もうひとつ気になるのは、他国における主権の侵害である。アメリカのウサマ・ビンラディン殺害は国際法上認められるだろうかということである。国際法上は認められるかどうかは微妙との意見が強い。国連の旧ユーゴスラビア戦犯法廷で判事を務めた、多谷千香子・法政大教授は今回のやり方を例に、「アメリカにとって危険人物なら誰でも殺して良いことになってしまう」と批判的である。

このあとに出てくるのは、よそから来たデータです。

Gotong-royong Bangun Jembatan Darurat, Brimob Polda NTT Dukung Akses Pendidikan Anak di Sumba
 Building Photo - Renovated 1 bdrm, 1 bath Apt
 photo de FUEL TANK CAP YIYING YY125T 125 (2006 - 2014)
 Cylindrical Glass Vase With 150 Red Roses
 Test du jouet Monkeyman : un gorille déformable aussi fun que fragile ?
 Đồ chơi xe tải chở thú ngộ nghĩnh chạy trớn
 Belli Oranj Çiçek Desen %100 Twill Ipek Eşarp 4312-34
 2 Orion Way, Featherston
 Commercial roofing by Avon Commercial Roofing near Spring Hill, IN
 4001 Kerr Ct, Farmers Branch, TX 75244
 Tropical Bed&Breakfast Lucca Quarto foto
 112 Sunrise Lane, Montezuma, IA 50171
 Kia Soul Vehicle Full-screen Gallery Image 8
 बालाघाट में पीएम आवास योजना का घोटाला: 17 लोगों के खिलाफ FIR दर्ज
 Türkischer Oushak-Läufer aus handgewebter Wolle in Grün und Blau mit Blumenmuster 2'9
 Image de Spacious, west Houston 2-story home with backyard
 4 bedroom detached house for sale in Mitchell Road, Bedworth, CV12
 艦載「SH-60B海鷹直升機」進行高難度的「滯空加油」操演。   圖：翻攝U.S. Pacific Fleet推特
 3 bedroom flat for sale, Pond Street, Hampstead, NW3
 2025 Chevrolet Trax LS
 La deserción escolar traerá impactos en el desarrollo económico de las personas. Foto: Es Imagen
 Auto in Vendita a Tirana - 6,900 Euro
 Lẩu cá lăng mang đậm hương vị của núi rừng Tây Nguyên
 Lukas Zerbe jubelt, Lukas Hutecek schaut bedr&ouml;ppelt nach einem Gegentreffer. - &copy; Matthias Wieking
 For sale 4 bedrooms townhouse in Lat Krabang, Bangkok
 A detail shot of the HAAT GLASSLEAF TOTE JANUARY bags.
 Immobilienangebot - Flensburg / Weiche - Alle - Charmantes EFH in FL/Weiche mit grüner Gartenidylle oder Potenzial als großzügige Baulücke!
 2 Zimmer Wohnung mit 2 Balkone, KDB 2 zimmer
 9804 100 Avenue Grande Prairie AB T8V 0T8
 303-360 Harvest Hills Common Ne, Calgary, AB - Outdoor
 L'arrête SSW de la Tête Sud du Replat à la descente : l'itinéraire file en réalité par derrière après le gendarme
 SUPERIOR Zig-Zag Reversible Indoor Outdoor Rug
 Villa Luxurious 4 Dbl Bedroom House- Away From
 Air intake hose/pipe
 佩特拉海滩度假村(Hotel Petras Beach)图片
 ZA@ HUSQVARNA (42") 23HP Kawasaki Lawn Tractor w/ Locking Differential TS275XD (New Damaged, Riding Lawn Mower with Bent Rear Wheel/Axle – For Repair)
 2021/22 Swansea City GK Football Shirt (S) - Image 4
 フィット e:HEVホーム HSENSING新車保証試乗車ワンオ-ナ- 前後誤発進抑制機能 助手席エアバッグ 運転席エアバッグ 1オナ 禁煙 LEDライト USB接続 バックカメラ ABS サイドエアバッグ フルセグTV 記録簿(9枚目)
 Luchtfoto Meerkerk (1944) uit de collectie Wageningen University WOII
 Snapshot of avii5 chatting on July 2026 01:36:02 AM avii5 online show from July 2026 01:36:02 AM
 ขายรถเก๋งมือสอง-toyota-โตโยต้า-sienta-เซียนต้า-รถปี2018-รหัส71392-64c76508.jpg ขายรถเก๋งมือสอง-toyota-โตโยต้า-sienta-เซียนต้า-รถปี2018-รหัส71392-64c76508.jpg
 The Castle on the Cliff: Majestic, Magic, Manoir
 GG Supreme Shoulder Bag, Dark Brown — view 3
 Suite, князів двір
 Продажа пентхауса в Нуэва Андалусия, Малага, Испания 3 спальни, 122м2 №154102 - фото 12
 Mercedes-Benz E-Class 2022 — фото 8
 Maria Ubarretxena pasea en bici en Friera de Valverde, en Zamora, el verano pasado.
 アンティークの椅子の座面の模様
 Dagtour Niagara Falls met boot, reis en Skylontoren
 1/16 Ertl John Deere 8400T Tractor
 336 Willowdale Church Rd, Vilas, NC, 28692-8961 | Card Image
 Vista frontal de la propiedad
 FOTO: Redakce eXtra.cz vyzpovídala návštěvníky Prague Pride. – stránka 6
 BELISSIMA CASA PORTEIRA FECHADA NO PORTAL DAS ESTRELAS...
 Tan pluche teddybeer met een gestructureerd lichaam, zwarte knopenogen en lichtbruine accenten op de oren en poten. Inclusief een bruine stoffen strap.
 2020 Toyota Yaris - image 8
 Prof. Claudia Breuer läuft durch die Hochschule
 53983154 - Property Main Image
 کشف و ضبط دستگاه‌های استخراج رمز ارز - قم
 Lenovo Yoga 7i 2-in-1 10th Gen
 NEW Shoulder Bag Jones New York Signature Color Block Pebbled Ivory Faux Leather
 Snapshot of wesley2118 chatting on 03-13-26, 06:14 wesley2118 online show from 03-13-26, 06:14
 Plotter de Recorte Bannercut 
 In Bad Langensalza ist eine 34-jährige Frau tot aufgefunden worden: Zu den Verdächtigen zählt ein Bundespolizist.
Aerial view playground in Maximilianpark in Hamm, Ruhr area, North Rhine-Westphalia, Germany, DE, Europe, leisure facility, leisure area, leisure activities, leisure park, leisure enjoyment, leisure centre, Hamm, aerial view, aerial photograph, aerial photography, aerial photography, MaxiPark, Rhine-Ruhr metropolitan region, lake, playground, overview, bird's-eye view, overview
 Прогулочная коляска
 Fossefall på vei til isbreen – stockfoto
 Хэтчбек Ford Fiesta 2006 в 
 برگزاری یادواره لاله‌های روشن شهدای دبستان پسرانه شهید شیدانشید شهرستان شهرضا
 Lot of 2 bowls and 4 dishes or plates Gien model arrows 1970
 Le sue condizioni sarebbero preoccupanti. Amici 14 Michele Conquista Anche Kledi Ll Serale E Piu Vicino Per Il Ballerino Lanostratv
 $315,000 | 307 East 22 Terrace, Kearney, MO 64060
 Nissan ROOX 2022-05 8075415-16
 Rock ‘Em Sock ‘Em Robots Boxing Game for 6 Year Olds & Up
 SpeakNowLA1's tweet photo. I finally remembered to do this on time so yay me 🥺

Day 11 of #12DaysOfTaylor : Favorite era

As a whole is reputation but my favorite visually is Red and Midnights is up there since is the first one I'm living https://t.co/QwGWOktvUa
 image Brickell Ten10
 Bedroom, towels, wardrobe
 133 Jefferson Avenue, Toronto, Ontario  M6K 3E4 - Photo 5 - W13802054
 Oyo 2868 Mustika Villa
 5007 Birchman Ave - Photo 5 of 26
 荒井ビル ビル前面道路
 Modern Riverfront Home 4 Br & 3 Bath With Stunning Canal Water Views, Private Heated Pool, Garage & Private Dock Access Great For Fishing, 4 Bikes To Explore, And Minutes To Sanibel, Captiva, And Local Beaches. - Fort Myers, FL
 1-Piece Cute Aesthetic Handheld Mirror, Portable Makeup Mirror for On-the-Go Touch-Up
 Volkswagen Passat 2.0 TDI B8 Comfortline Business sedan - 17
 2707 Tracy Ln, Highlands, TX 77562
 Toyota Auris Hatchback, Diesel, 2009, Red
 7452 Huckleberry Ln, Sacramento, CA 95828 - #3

殺害せずに身柄を拘束して裁く道はなかったのかとの疑問がある。
ところが、驚いたのはこの「ジェロニモ作戦」はホワイトハウス内で、オバマ大統領、クリントン国務長官以下政府要人が作戦実行をリアルタイムで見ていたのである。従って殺害と同時に国民への誇らしげな発表となった。話によれば、拘束しようとビンラディンの部屋に侵入したところ、ビンラディンが手元の自動小銃で立ち向かってきたために特殊部隊が殺害したということが判明した。
近ごろ稀に見る派手な大立ち回りである。昨日ニュースを聞いた時には、ほっとしたと書いたが、冷静に分析すると心情的には私も国際法を犯した気分になっていたということになる。何の同情や慈悲もなく虫けら同然に殺し、情緒的な感情がまったく感じられないとしたら、相手が極悪人だとしても、あまりにも冷淡な現代社会になったということになる。その点では、大震災に付き添うように支援の手が差し伸べられている東日本大震災の情景は救いである。